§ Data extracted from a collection

::::::::

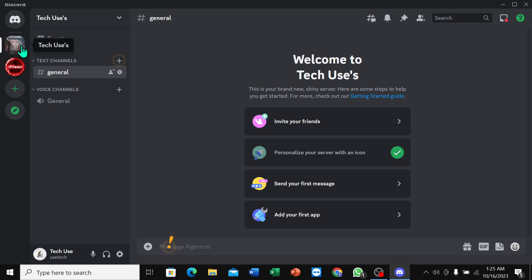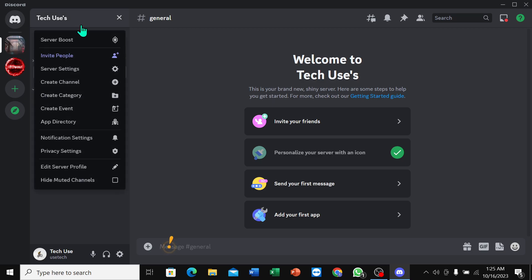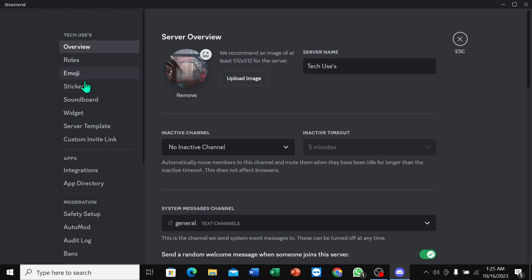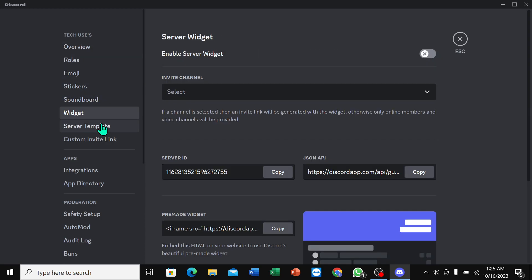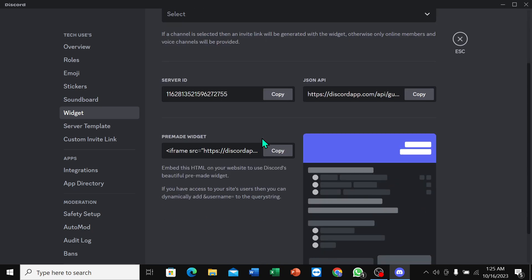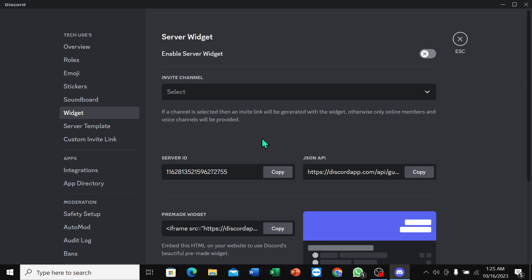Select your server, then select the server name, go to Server Settings, and here you can see the server ID. You can copy it from here. So that's it guys, I hope you can understand. Thanks for watching.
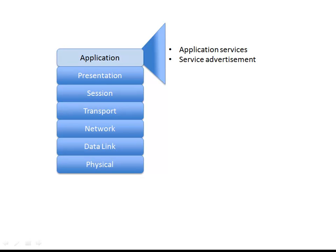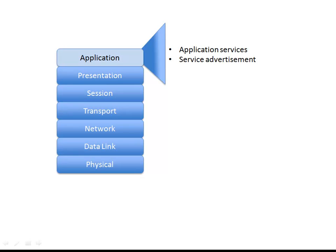Something else at the application layer is service advertisement. Some network devices, maybe printers, might periodically send out an advertisement making their availability known to the network, or to some centralized network directory like Microsoft's Active Directory. Active Directory could then be queried by other network devices to say, are there any printers available on the network? The reason we know there's this printer available is that it advertised its service to Active Directory, and that process takes place at the application layer.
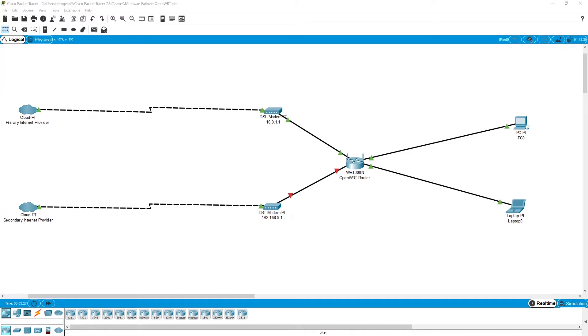Hello everyone and welcome to Vantage Corner. In today's video, we are going to configure the MWAN3 on failover mode with OpenWrt.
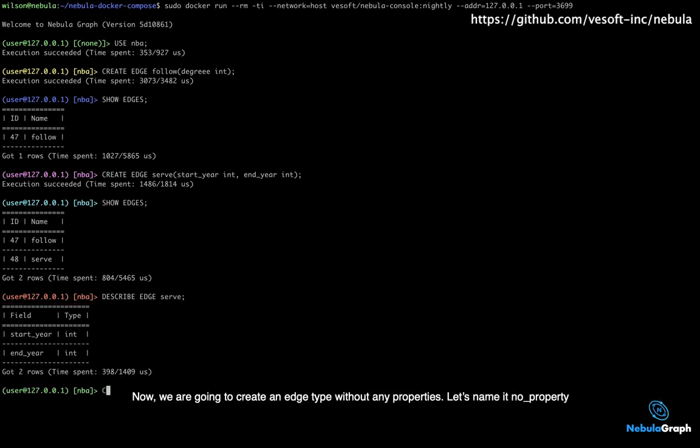Now we are going to create an edge type without any properties. Let's name it no_property.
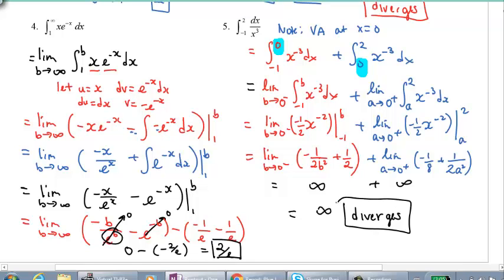The notation is a bit involved because we have to introduce dummy variables, but it's the proper way of doing things. When you get back to class, I'm going to assign you a whole bunch of questions to try.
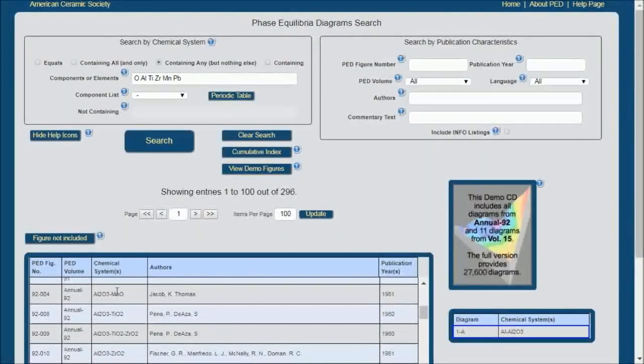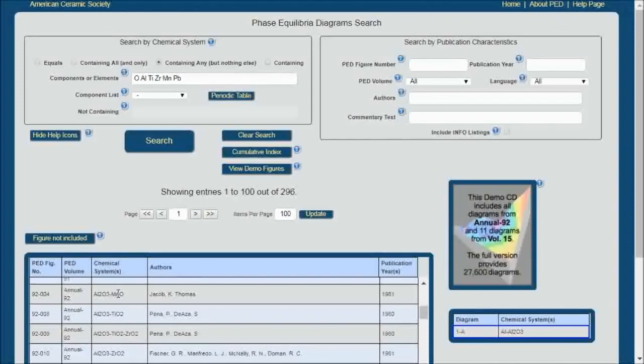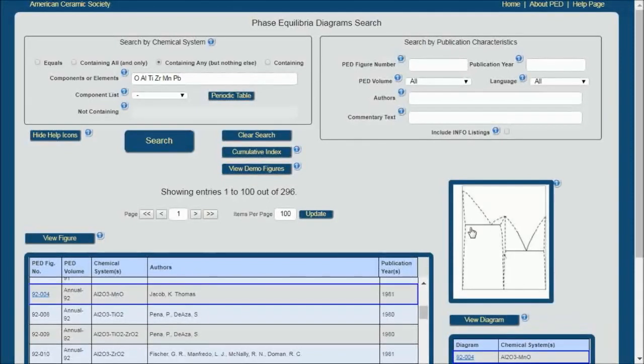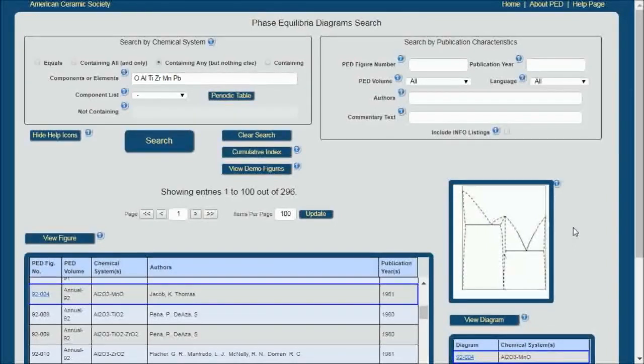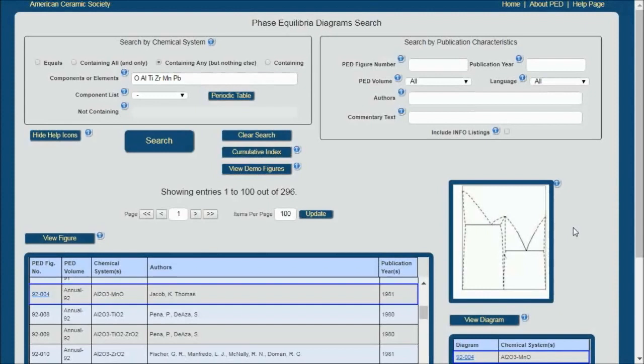I will pick this Illumina manganese oxide system, and you'll see in this window here a preview. And in Part 2, you'll see where that preview becomes quite useful.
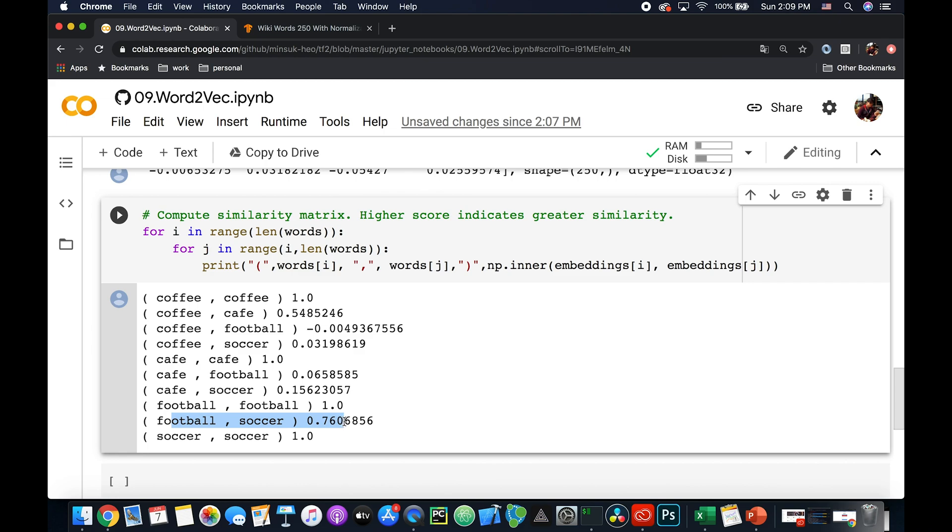So I hope you enjoyed using the pre-trained Word2Vec from TensorFlow Hub, and I hope you enjoyed this video. Thank you for watching, and I will see you on the next video. Thank you.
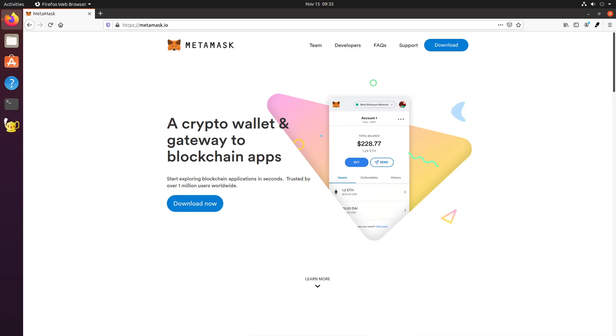Hey there, everybody. This is Cosmic Crypto, the DeFi D-Gen, coming to you with another video. Today's topic is Metamask. Metamask is a browser plugin, a crypto wallet.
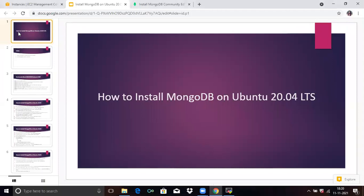Hello friends. Welcome to DevOpsSynth. In today's session, we are going to learn how to install MongoDB on Ubuntu 20.04 LTS.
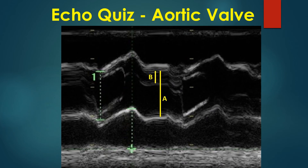Eccentricity of the aortic valve closure line can be quantified by calculating the eccentricity index. Eccentricity index is half of aortic lumen diameter divided by the minimum distance of the diastolic coaptation line from the nearest aortic margin. In this image,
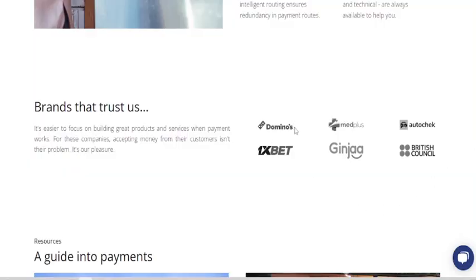For this platform, they have very strong fraud detection security, so you can be sure that any money sent to your personal account once you sign up is 100% secured and you can automatically transfer the money to your account. Some of the brands that have worked with them include Domino's Pizza, IXBet, Ginger, British Council, AutoCheck, and MedPlus. Most of these platforms are very popular in Nigeria and outside Nigeria, especially in Africa, so you know this platform actually works.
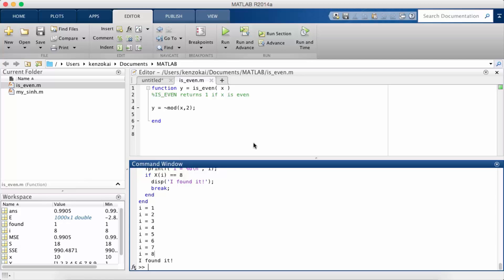In this MATLAB tutorial we're going to be talking about different kinds of data types, so things that are not what we've seen so far, i.e. numbers, scalars, vectors, and matrices.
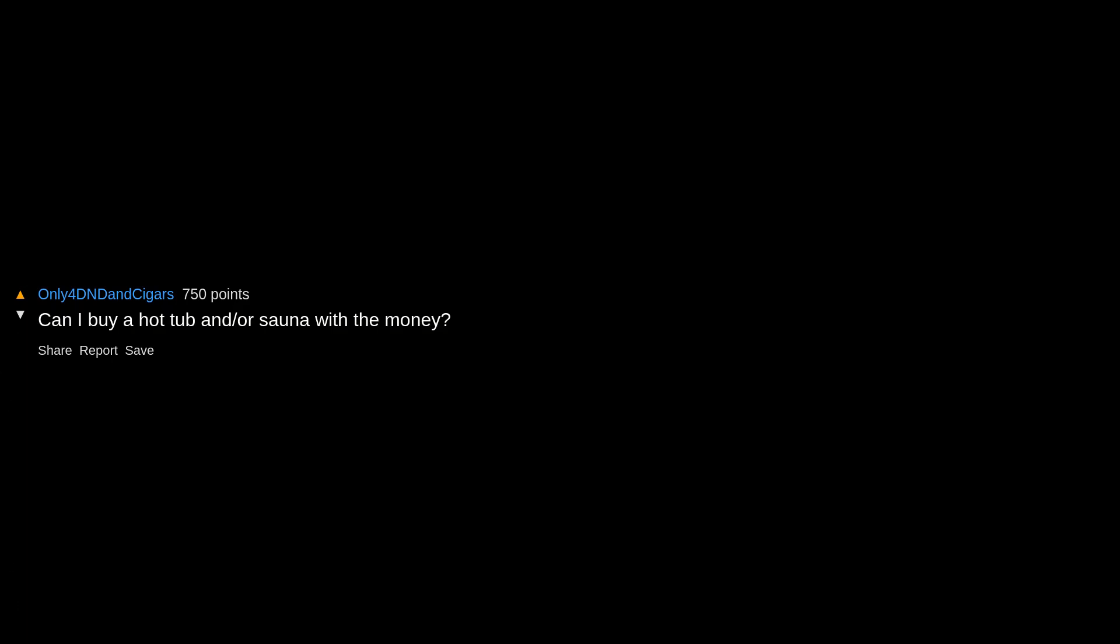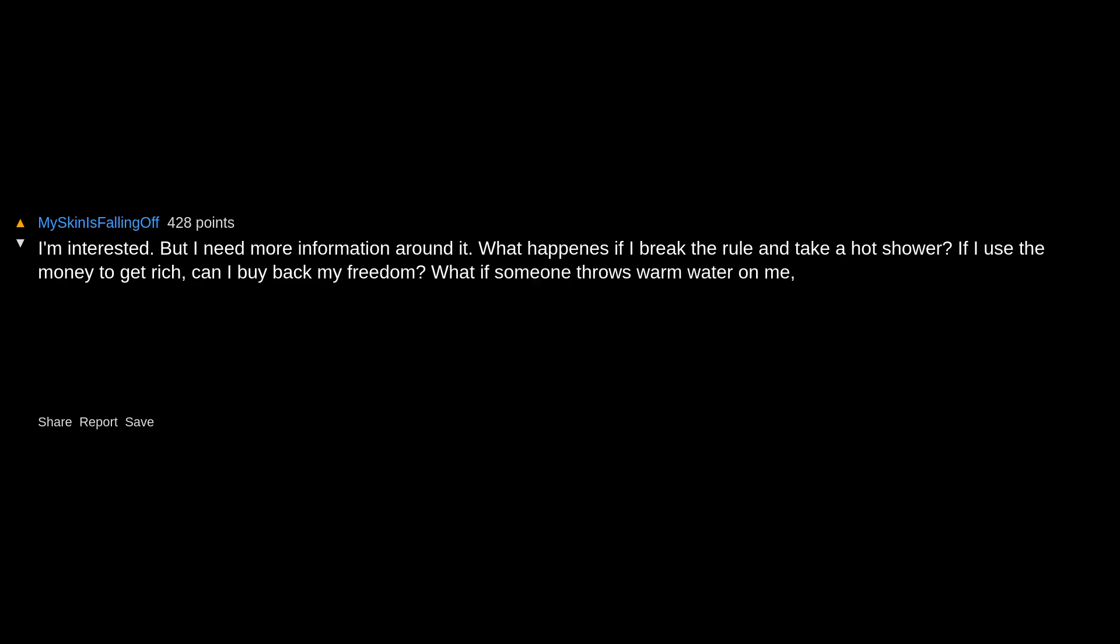Can I buy a hot tub or sauna with the money? Can I still visit hot springs? I'm interested, but I need more information around it. What happens if I break the rule and take a hot shower? If I use the money to get rich, can I buy back my freedom? What if someone throws warm water on me? Would that void the deal? Is whoever that's paying this watching me and taking pleasure in my discomfort?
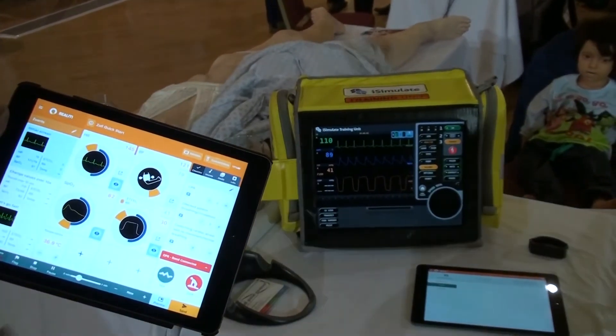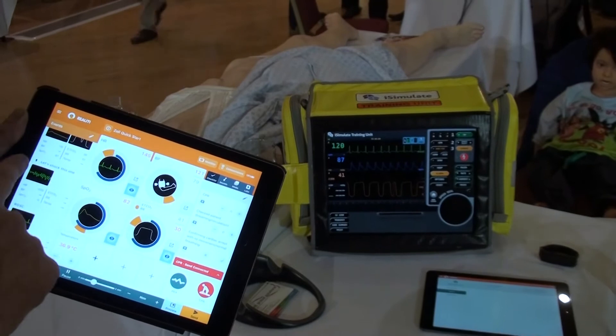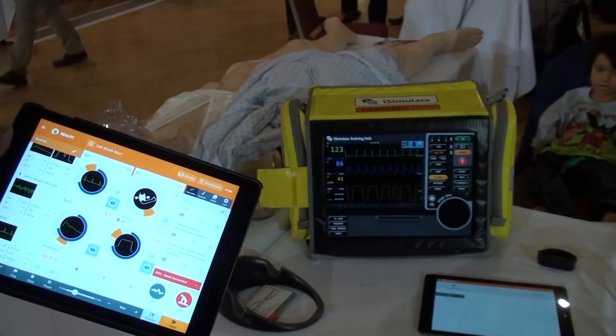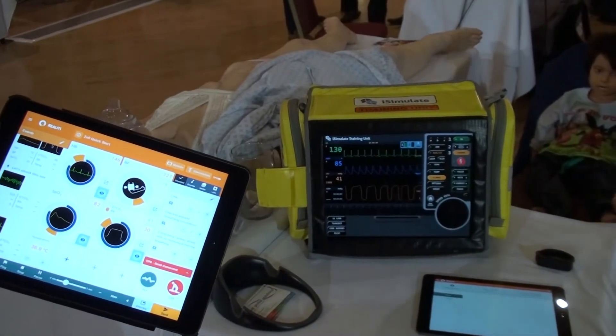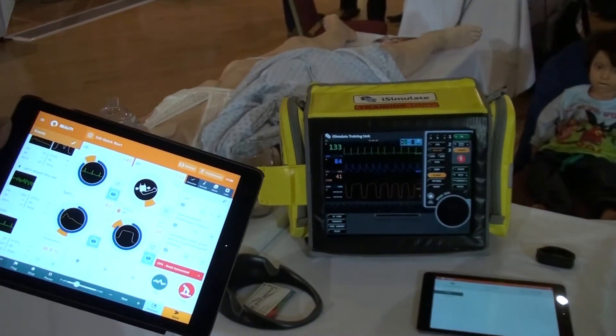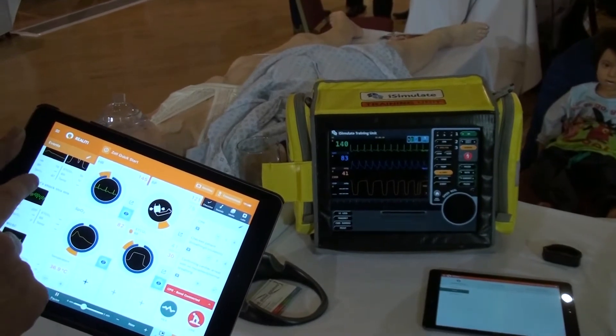When I'm ready, I can throw the patient into VF. I've got VF here as a rhythm, so when I feel the time is appropriate, I will shove the patient into VF.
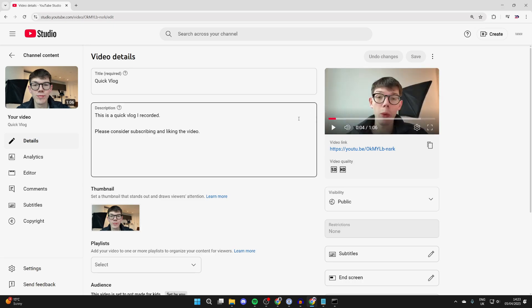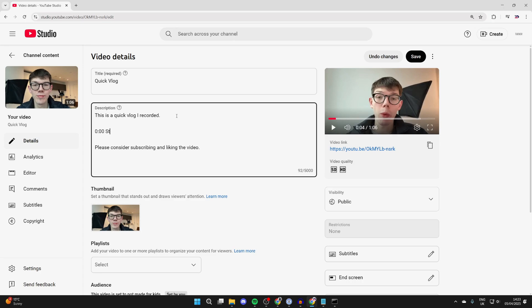To make the chapters, we need to come into the description and start adding in the times. So we're going to start with 0 colon 00. And in my case, this is the start. Put in a space and type in what you want it to say. Then you can choose when you want the next section to be.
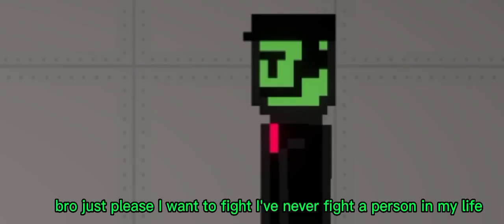Bro, just please, I want to fight. I've never fought a person in my life. Fine, if you said so.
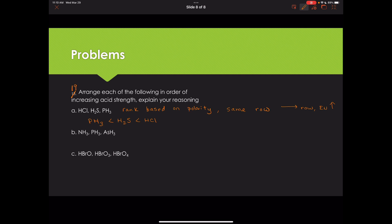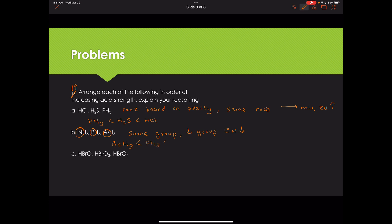In part B we have NH3, PH3, and AsH3. Again these are polyatomic molecules, so we rank based on polarity — comparing nitrogen, phosphorus, and arsenic. These are all in the same group, and as we go down a group, electronegativity decreases. Arsenic is at the bottom, making it least electronegative and AsH3 the weakest acid. Then PH3, then NH3 as the strongest.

::::::::

§ WHAT TO PRODUCE
The output must match the records word for word, except that no pictures appear.

§ RESULT
Select your server, then select the server name, go to Server Settings, and here you can see the server ID. You can copy it from here. So that's it guys, I hope you can understand. Thanks for watching.
Something else at the application layer is service advertisement. Some network devices, maybe printers, might periodically send out an advertisement making their availability known to the network, or to some centralized network directory like Microsoft's Active Directory. Active Directory could then be queried by other network devices to say, are there any printers available on the network? The reason we know there's this printer available is that it advertised its service to Active Directory, and that process takes place at the application layer.
Hello everyone and welcome to Vantage Corner. In today's video, we are going to configure the MWAN3 on failover mode with OpenWrt.
Now we are going to create an edge type without any properties. Let's name it no_property.
The notation is a bit involved because we have to introduce dummy variables, but it's the proper way of doing things. When you get back to class, I'm going to assign you a whole bunch of questions to try.
I will pick this Illumina manganese oxide system, and you'll see in this window here a preview. And in Part 2, you'll see where that preview becomes quite useful.
So I hope you enjoyed using the pre-trained Word2Vec from TensorFlow Hub, and I hope you enjoyed this video. Thank you for watching, and I will see you on the next video. Thank you.
Hey there, everybody. This is Cosmic Crypto, the DeFi D-Gen, coming to you with another video. Today's topic is Metamask. Metamask is a browser plugin, a crypto wallet.
Hello friends. Welcome to DevOpsSynth. In today's session, we are going to learn how to install MongoDB on Ubuntu 20.04 LTS.
Eccentricity of the aortic valve closure line can be quantified by calculating the eccentricity index. Eccentricity index is half of aortic lumen diameter divided by the minimum distance of the diastolic coaptation line from the nearest aortic margin. In this image,
For this platform, they have very strong fraud detection security, so you can be sure that any money sent to your personal account once you sign up is 100% secured and you can automatically transfer the money to your account. Some of the brands that have worked with them include Domino's Pizza, IXBet, Ginger, British Council, AutoCheck, and MedPlus. Most of these platforms are very popular in Nigeria and outside Nigeria, especially in Africa, so you know this platform actually works.
In this MATLAB tutorial we're going to be talking about different kinds of data types, so things that are not what we've seen so far, i.e. numbers, scalars, vectors, and matrices.
Can I buy a hot tub or sauna with the money? Can I still visit hot springs? I'm interested, but I need more information around it. What happens if I break the rule and take a hot shower? If I use the money to get rich, can I buy back my freedom? What if someone throws warm water on me? Would that void the deal? Is whoever that's paying this watching me and taking pleasure in my discomfort?
When I'm ready, I can throw the patient into VF. I've got VF here as a rhythm, so when I feel the time is appropriate, I will shove the patient into VF.
To make the chapters, we need to come into the description and start adding in the times. So we're going to start with 0 colon 00. And in my case, this is the start. Put in a space and type in what you want it to say. Then you can choose when you want the next section to be.
Bro, just please, I want to fight. I've never fought a person in my life. Fine, if you said so.
In part B we have NH3, PH3, and AsH3. Again these are polyatomic molecules, so we rank based on polarity — comparing nitrogen, phosphorus, and arsenic. These are all in the same group, and as we go down a group, electronegativity decreases. Arsenic is at the bottom, making it least electronegative and AsH3 the weakest acid. Then PH3, then NH3 as the strongest.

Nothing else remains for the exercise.